Several years ago, Daniel Green wrote on his blog The Reading Experience about a similar relationship that he saw developing between novels and screenplays:
“If the novel is being marginalized, it is not because too many people are watching HBO; it’s because too many novelists are writing novels that are clearly meant to be made into movies. If fiction is being undervalued, by readers and critics alike, it’s not because shows like The Sopranos are better, or more accessible, than contemporary novels; it’s because fiction writers themselves implicitly concede that film and television are the narrative forms to which they ultimately aspire.”
But I suspect that for many this is not an aspiration — conscious or otherwise — so much as it is their most familiar standard. It isn’t unlikely that, for many of these novelists, the structural traditions of film and television are more familiar and immediate than those of literature (especially modernist literature). It’s possible that they are not corrupted by a commercial motive, or driven by a desire for a wider audience, but merely limited by a narrative sensibility influenced most deeply by those arts to which they’ve had the most exposure.
This comes at the point from a different direction than that of the combination of pop song and movie. Novels written for the screen are affected in their actual substance, rather than merely their context. But it’s more a range of intensity than a difference in kind. The cover of a book might tint its reception almost undetectably, whereas the genre a given movie is understood to follow might radically alter its understanding [i]. But the ultimate effect: the intrusion and coloring of perspective in the reader or viewer, is the same phenomenon.
I have found that the effect of seeing a music video before hearing a song alone can be distracting. It can be difficult to “un-see” its style of presentation; to unlearn whatever you then think you know about the speaker’s voice.
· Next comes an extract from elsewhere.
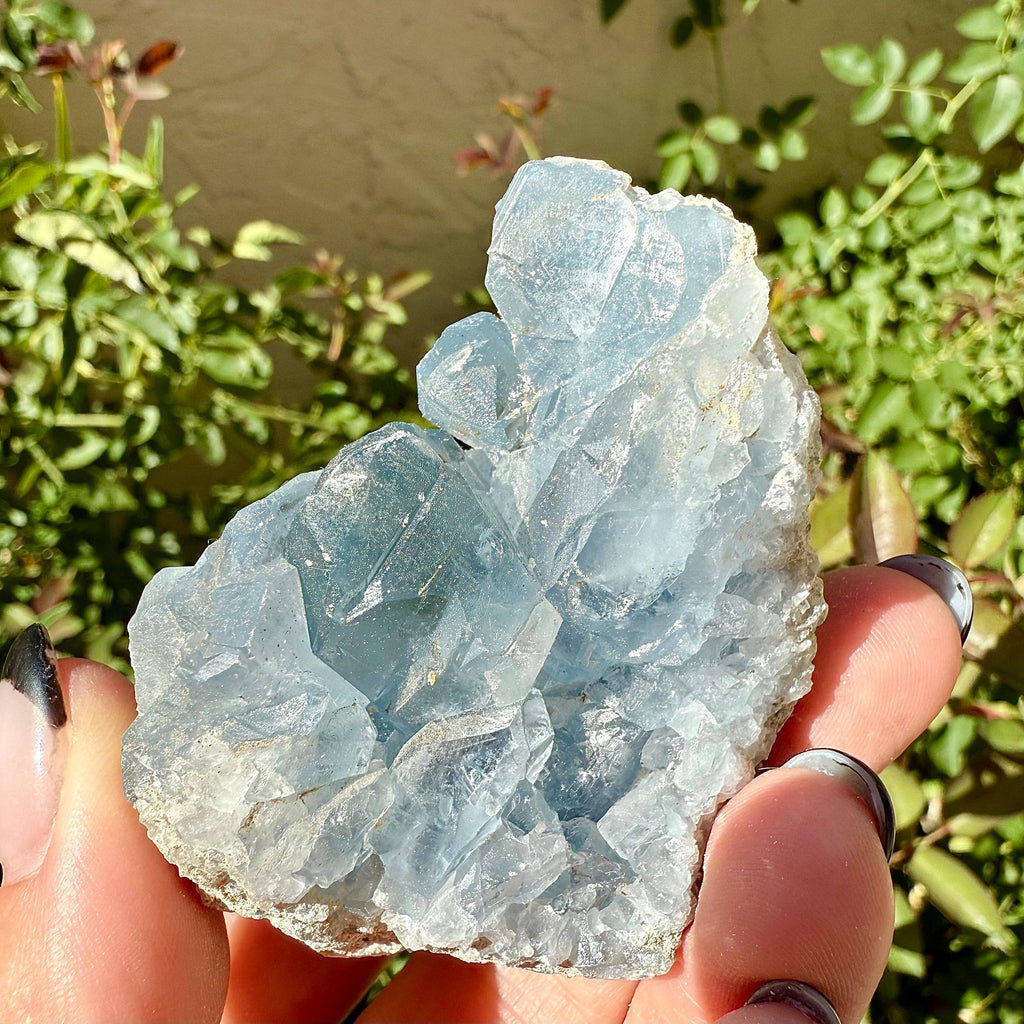 Celestite Cluster Specimens Grade A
In cinema, it seems to me that things get even more intensely interwoven: the usage of The Doors’ “The End” provides a lot to Apocalypse Now, and Apocalypse Now provides a lot to “The End.” The confused, overlapping guitar and keyboard lines generate a tension with the relatively slow, dark exposition. And the song, which has pretty ineffective lyrics, benefits from the film’s dim depiction of tribal rituals, the flickering torch-light melding in with the undulating guitars—it’s a correlative effect. If I had never heard “The End” before I saw the movie, my experience of the song might be inextricable from the emotional moment as it is in the film. As it is, after seeing the film I found things to like about the song that I wouldn’t have otherwise — but things that, strictly speaking, aren’t part of the song except through, or as the product of, an association. Where are such things rightly filed? Is it possible (or desirable) to try to ignore them for the purpose of looking at the song itself?
But I expect in many serious cinema-goers and people whose whole experience of popular music is mediated by music videos, the understanding and ultimate judgment of songs has, by now, a highly parasitic relationship dependent on the quality of the corresponding visual component. Sometimes this can be pretty surprising in its range. ELO, once considered obsolete in many quarters—a dinosaur of seventies radio pop—became suddenly respectable in the circuit of Starbucks and NPR when “Mr. Blue Sky” was used in a Volkswagen spot. Music that was previously only represented visually by the spaceships on its album sleeves suddenly became digestible thanks to a sharply photographed short featuring a whimsical, arty type fashionably groomed and attired.
But probably the matter of its social acceptability isn’t quite as simple as such a description makes it sound—it isn’t merely a reawakening of interest or a contemporary contexualization that makes the song available for this new audience (if that were true, the use of samples in hip-hop would widely rehabilitate interest in their sources—but they usually only do so among musicians and collectors). Rather, for those who came to understand a sense of the song through its usage in the commercial, there was the necessity of a visual-narrative cue. With an incomplete visual context, the song could not be fully understood — an intermediary operation was necessary, a sort of translation from the original language of pop music. This would point to an aesthetic literacy that ends with film and television — where even arts as apparently easy and accessible as pop music are difficult to comprehend on their own terms, and can only be understood through the idiom of the screen.
[i] Denis Dutton argues persuasively for an intentionalist attitude about genre his essay on Wimsatt/Beardsley.